Two words that can throw an adult into a panic or, at the very least, give them a queasy feeling deep down in their gut. Just thinking about the experience... lying back in the chair, the masked doctor looming overhead, the cramping jaw, the sound of the drill... it's enough to send a person over the edge.
So why do we expect kids to be okay with it?
With big changes ahead for the Mac family, this week has been the perfect opportunity to get our affairs in order. Jacob bravely suffered through his 5-year doctor checkup -- complete with shots, a TB test and blood drawn -- before he was declared healthy enough to endure the vigorous boot camp that is kindergarten. Lucy got the thumbs up on her medical form, giving her the green light to enter the exciting world of preschool. And I had the brilliant idea to schedule the three of them a dental checkups together -- two of them for the very first time.
Stupid, stupid Jackie.
In preparation for the event, I pulled out a little friend we call Nemo. The DVD was meant to relax them pre-appointment as well as help me broach the subject of having their pearly whites inspected. I have to say, it wasn't the worst idea I've ever had. I was pretty pleased with the discussion, complete with promises of real fish in the tank and stickers when it was all over.
As we drove the half mile from our lovely rented apartment to the office, Brady calmly informed me that he wouldn't actually be participating but was just "going to watch." I let it slide, took a deep breath and gripped the steering wheel a little bit tighter.
You might ask why my son -- who will be four at the end of September -- has never been to the dentist. And if I gave you the honest answer, I would say it's because his mother is a coward. The idea of my strongly-opinionated son being directed to rest comfortably while opening his mouth for a complete stranger to take a look... that held no appeal for me. And I truly believed that the effort would be wasted. If I can't force him to try certain foods, I certainly can't make him get his teeth cleaned, right? But it was time. I couldn't very well let him dictate whether he went or not -- I AM THE MOM HERE.
We arrive at the office and the kids fight over, I mean PLAY, with the toys while stopping every few seconds to chat with the fish in the over-sized tank. They were so cute with their new swimming friends, Brady even took to naming them Buddy and Mia after our dogs. After I filled out what felt like an hour of paperwork, we were called back to begin.

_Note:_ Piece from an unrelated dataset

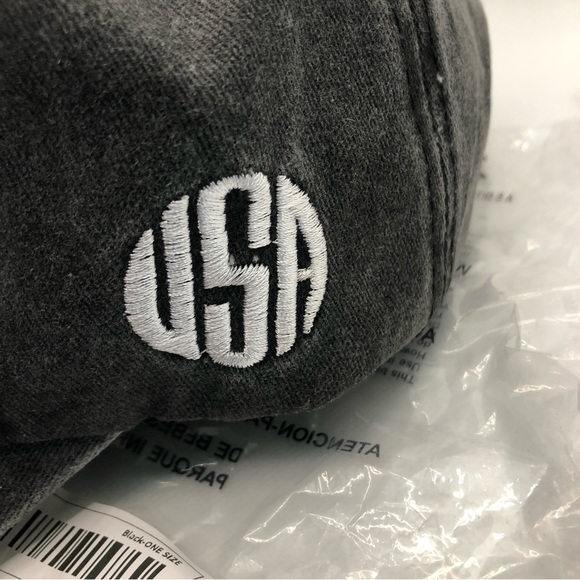 Vintage Wash USA American Flag Embroidered Adjustable Dad Hat, Unisex OS - Picture 5 of 10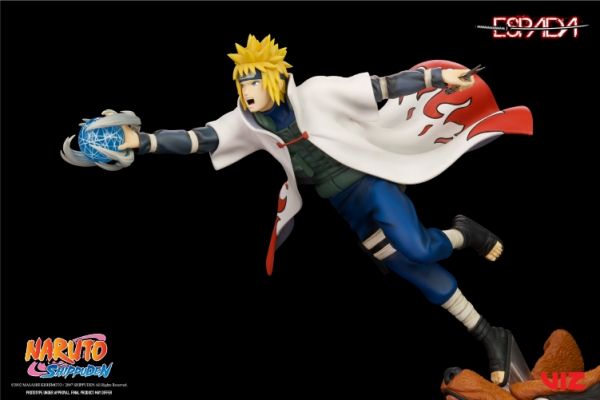﹝代購﹞GK  Espada Art﹝火影忍者﹞正版授權 壁掛系列 第三款 波風水門 VS 九尾 1/8 雕像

While Jacob sat for X-Rays, Brady discovered the video games. Lucy took the two-minute opportunity to sneak around and touch every possible piece of equipment, turning monitors off and eluding my grasp each time I tried to pull her off. Holding her wiggly body, screaming for me to "stop it, mommy," while coercing Jacob to hold the gag-inducing dental apparatus in his mouth long enough for the hygienist to take a picture was proving to be a challenge (They never did get the shot of his teeth).
But it was when Brady discovered that he was required to do more than watch, did the floss hit the fan.
The tantrum that ensued can only be compared to that of a bull in Pamplona. But I can assure you that those risk-taking fools in Spain would never lack the common sense it requires to subject themselves to the Running of the Brady. While I comforted my bucking bronco, his big brother moved on to get his teeth cleaned. Lucy, never missing an opening when she sees one, climbed up on another chair and began giving herself a dental exam. My apologies to the staff who had to then re-sterilize all of the equipment.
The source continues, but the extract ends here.